The entries should each be set down again precisely.
---+---
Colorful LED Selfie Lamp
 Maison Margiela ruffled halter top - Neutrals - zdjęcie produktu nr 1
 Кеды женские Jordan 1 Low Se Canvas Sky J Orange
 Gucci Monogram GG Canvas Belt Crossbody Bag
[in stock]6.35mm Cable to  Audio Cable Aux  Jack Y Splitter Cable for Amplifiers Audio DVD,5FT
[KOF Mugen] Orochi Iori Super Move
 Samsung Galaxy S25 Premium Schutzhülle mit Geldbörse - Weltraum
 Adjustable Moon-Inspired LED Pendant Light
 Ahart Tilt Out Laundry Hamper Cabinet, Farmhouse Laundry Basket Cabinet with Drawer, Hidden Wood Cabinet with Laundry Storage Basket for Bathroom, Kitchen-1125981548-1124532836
---+---
[Exercise response]
Colorful LED Selfie Lamp
 Maison Margiela ruffled halter top - Neutrals - zdjęcie produktu nr 1
 Кеды женские Jordan 1 Low Se Canvas Sky J Orange
 Gucci Monogram GG Canvas Belt Crossbody Bag
[in stock]6.35mm Cable to  Audio Cable Aux  Jack Y Splitter Cable for Amplifiers Audio DVD,5FT
[KOF Mugen] Orochi Iori Super Move
 Samsung Galaxy S25 Premium Schutzhülle mit Geldbörse - Weltraum
 Adjustable Moon-Inspired LED Pendant Light
 Ahart Tilt Out Laundry Hamper Cabinet, Farmhouse Laundry Basket Cabinet with Drawer, Hidden Wood Cabinet with Laundry Storage Basket for Bathroom, Kitchen-1125981548-1124532836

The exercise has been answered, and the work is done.